サンプリング周波数に対して入力信号の周波数が高すぎると、実際とは異なる低い周波数として観測されることがあります。これをエイリアシングと呼びます。

A/D変換前にローパスフィルタを設け、測定に不要な高周波成分を除去します。フィルタの遮断周波数は、必要な応答速度とサンプリング条件から決めます。

ノイズ低減

微小信号を測定する場合、電源ノイズ、接地電位差、基板配線、デジタル回路のスイッチングが測定値へ影響します。

  • アナログ部とデジタル部の配線を分離する
  • センサ入力線を短くする
  • 差動入力を利用する
  • 適切な接地とシールドを行う
  • 平均化やデジタルフィルタを使用する

平均化回数を増やすと値は安定しますが、応答が遅くなるため、制御用途では注意します。

校正と補正

A/D変換回路には、ゼロ点誤差、ゲイン誤差、非直線性、温度ドリフトがあります。既知の入力を加え、ゼロ点とスパンを調整します。

ロードセルなどの計量用途では、無負荷時のゼロ校正と、分銅を載せた実負荷校正を行います。

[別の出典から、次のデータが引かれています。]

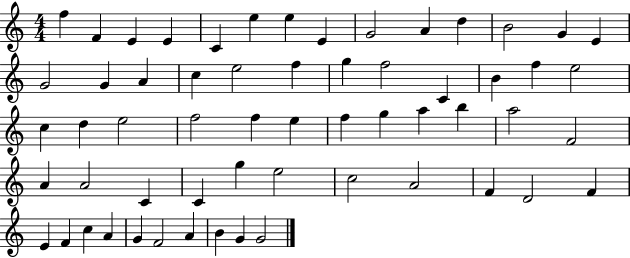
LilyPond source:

{
  \clef treble
  \numericTimeSignature
  \time 4/4
  \key c \major
  f''4 f'4 e'4 e'4 | c'4 e''4 e''4 e'4 | g'2 a'4 d''4 | b'2 g'4 e'4 | \break g'2 g'4 a'4 | c''4 e''2 f''4 | g''4 f''2 c'4 | b'4 f''4 e''2 | \break c''4 d''4 e''2 | f''2 f''4 e''4 | f''4 g''4 a''4 b''4 | a''2 f'2 | \break a'4 a'2 c'4 | c'4 g''4 e''2 | c''2 a'2 | f'4 d'2 f'4 | \break e'4 f'4 c''4 a'4 | g'4 f'2 a'4 | b'4 g'4 g'2 | \bar "|."
}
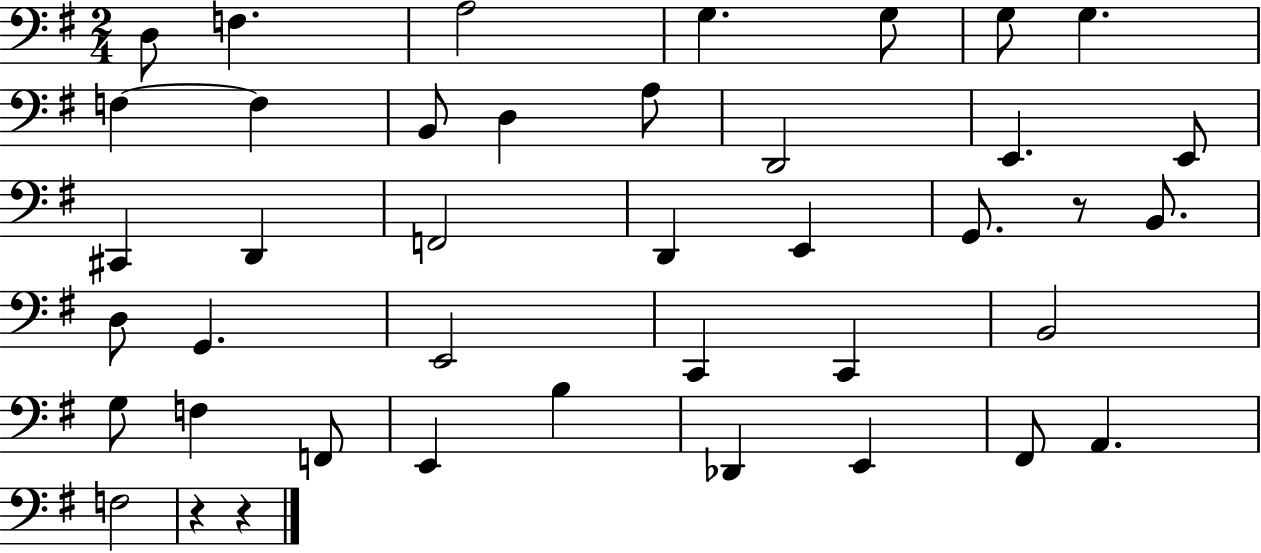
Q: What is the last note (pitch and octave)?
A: F3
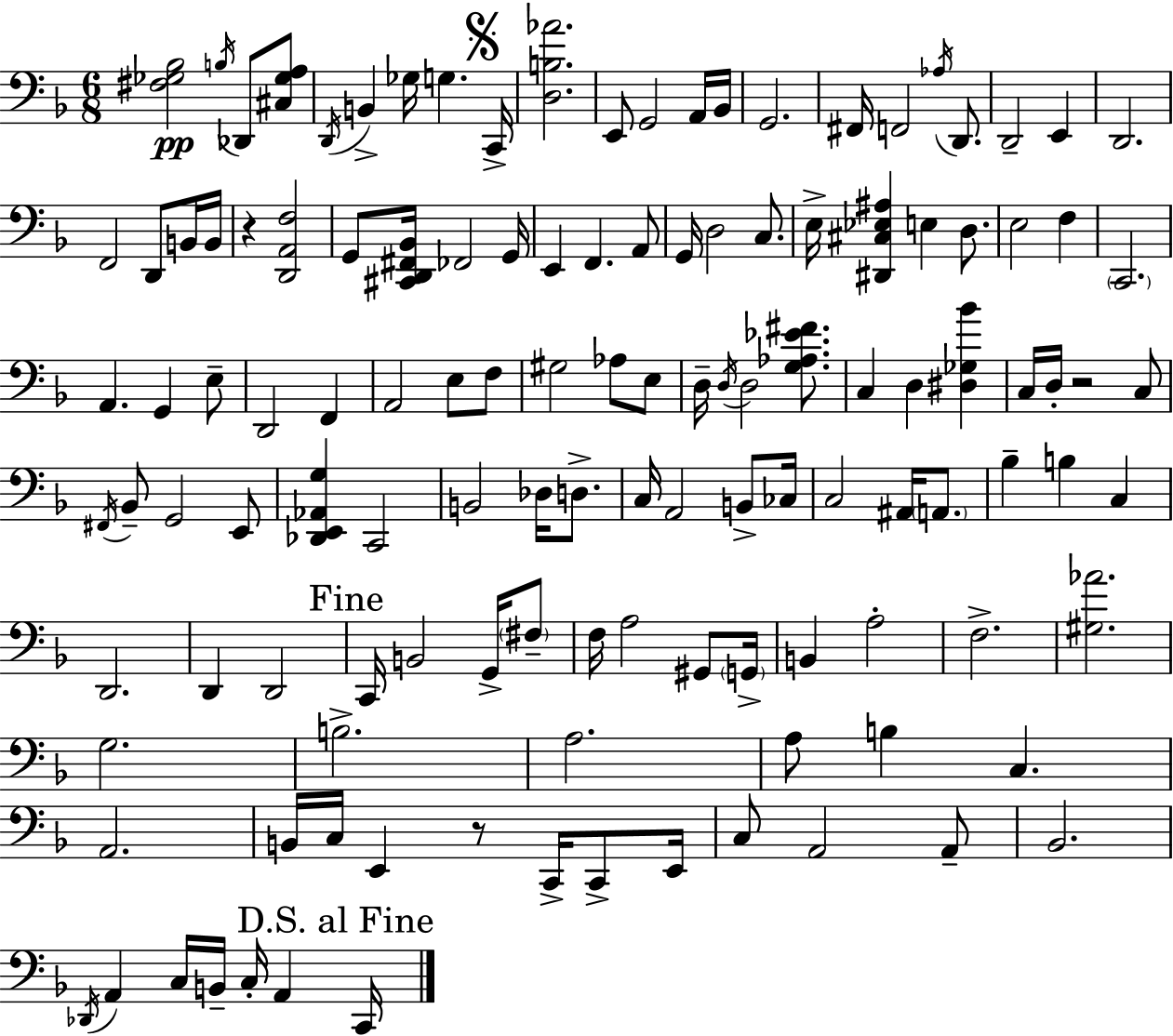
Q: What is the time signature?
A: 6/8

温度補正や複数点補正を行う場合もあります。

異常時の確認

変換値が最大または最小に固定される場合は、入力範囲超過、配線断線、電源異常、基準電圧異常を確認します。

値が不安定な場合は、入力信号をオシロスコープやデジタルマルチメータで確認し、センサ側、増幅回路、ADC、ソフト処理の順に切り分けます。

ハカルプラスの対応

ハカルプラスでは、4~20mA、電圧、ロードセル、温度センサなどの信号に合わせたA/D変換回路を設計します。

増幅、絶縁、フィルタ、校正、温度補正、マイコン演算、通信、データ保存を組み合わせ、計測器や制御機器として構成します。

よくある質問

Q. ADCのビット数が大きいほど精度も高くなりますか?

A. 分解能は高くなりますが、ノイズ、基準電圧、回路誤差によって実際の精度は制限されます。

Q. 4~20mA信号を直接A/D変換できますか?

A. 入力抵抗で電圧へ変換し、必要に応じて増幅・保護してからA/D変換します。

Q. ロードセルの微小信号も変換できますか?

A. 計装アンプや高分解能ADCを用い、ノイズと温度変化へ配慮すれば測定できます。

Q. 平均化すると測定値は安定しますか?

A. ランダムノイズを低減できますが、急激な変化への応答は遅くなります。

Q. A/D変換回路の校正は必要ですか?

A. 必要精度に応じて、ゼロ点、スパン、複数点の校正を行います。